> **What you need to do**
Below this sentence is a listing; return exactly its lines from the one with "2024FW 透明サングラス PRADA プラダ 引き続き注目のスタイル" to the one with "Image 27 of 34 For 5669 America Drive", both kept, and nothing more.

> **Provided records**
-=-=-=-=-
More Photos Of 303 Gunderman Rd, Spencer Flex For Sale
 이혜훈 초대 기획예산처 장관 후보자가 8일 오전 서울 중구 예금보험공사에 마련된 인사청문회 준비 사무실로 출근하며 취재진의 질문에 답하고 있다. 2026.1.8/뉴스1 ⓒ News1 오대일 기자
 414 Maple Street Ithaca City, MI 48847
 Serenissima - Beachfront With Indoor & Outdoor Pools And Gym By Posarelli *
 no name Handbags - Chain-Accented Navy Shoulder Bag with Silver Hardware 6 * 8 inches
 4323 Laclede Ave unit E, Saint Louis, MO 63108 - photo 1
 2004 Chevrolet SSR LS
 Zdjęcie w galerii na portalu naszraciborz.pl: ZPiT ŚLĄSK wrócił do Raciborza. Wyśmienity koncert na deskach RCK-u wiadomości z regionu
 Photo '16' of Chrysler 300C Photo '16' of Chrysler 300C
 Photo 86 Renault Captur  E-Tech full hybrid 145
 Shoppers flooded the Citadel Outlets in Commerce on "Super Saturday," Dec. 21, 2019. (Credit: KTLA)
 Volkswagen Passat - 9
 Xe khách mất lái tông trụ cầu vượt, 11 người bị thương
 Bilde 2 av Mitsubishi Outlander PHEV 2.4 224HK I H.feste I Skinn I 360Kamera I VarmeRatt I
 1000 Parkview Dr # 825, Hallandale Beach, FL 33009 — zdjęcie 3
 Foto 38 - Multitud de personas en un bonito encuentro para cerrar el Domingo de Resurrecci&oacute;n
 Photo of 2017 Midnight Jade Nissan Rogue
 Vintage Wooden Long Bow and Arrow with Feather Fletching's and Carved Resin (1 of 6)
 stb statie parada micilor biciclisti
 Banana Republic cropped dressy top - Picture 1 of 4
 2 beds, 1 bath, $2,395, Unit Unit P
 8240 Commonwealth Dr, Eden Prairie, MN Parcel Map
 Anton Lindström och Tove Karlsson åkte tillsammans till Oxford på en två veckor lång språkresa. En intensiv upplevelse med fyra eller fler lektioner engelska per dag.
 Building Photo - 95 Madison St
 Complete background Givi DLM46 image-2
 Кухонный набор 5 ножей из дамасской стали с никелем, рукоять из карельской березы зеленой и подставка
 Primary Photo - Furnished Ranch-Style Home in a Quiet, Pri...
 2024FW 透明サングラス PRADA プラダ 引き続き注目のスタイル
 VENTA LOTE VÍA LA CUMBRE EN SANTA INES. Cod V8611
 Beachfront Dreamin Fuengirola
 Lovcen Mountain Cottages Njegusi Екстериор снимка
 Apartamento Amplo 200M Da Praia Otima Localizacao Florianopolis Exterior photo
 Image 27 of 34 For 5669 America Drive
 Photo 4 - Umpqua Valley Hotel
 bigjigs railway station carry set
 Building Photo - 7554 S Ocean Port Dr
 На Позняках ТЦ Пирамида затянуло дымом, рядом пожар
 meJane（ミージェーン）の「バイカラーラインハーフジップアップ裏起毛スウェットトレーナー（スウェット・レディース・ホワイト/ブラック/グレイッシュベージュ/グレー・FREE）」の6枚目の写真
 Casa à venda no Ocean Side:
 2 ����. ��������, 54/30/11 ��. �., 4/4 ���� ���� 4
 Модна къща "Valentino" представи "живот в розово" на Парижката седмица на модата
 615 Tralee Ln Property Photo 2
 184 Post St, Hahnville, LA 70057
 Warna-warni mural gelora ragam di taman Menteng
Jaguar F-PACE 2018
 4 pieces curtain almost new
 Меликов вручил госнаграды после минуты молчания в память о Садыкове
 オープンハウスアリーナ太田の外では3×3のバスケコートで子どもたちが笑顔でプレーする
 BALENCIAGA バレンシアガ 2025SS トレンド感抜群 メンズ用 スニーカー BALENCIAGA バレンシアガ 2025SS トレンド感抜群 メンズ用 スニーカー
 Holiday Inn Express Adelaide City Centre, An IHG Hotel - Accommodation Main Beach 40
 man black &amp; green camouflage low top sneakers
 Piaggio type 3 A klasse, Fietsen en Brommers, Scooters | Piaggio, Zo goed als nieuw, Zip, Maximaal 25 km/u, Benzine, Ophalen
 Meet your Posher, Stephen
-=-=-=-=-
> **The completed task**
 2024FW 透明サングラス PRADA プラダ 引き続き注目のスタイル
 VENTA LOTE VÍA LA CUMBRE EN SANTA INES. Cod V8611
 Beachfront Dreamin Fuengirola
 Lovcen Mountain Cottages Njegusi Екстериор снимка
 Apartamento Amplo 200M Da Praia Otima Localizacao Florianopolis Exterior photo
 Image 27 of 34 For 5669 America Drive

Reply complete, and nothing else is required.